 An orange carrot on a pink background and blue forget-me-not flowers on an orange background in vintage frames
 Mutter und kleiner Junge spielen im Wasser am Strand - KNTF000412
==
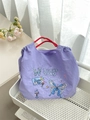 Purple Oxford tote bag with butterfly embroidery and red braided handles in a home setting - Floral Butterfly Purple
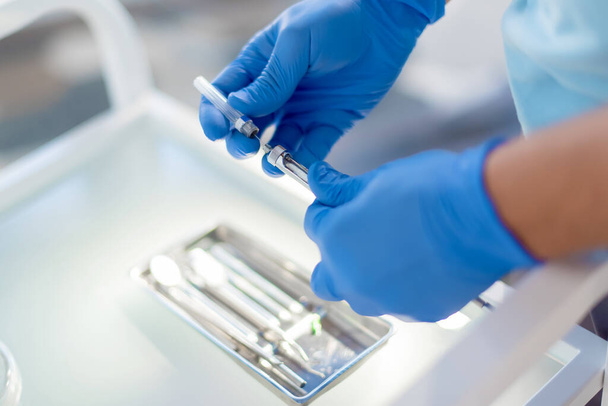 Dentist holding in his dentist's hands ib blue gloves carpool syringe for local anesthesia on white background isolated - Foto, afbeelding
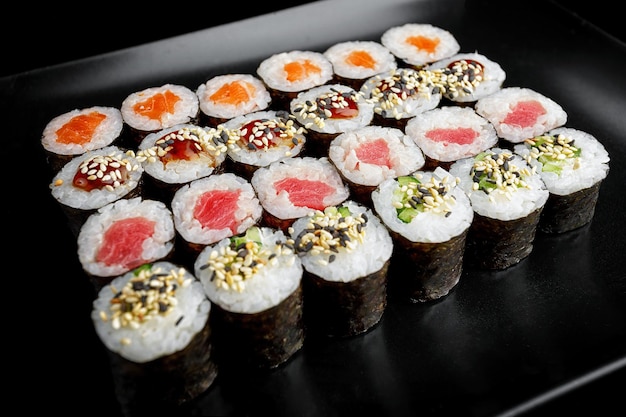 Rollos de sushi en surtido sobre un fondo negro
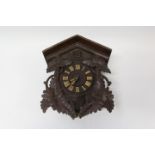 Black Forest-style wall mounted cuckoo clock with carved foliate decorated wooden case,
--
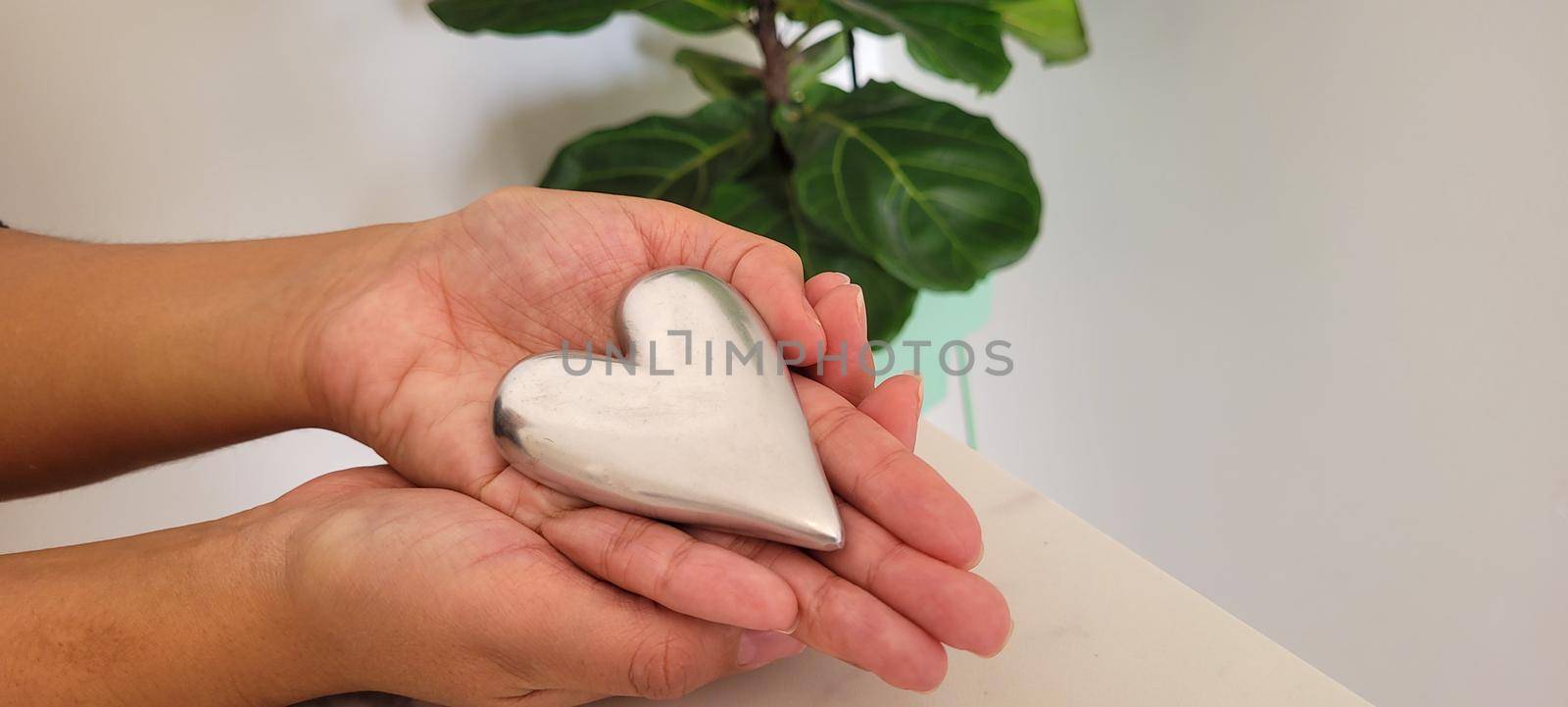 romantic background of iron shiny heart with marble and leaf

*EXERCISE DETAILS*
Set down word for word the lines above from the one with "Rollos de sushi" up to and including the one with "Black Forest-style wall". Omit every picture.

*REPLY*
 Rollos de sushi en surtido sobre un fondo negro
 Black Forest-style wall mounted cuckoo clock with carved foliate decorated wooden case,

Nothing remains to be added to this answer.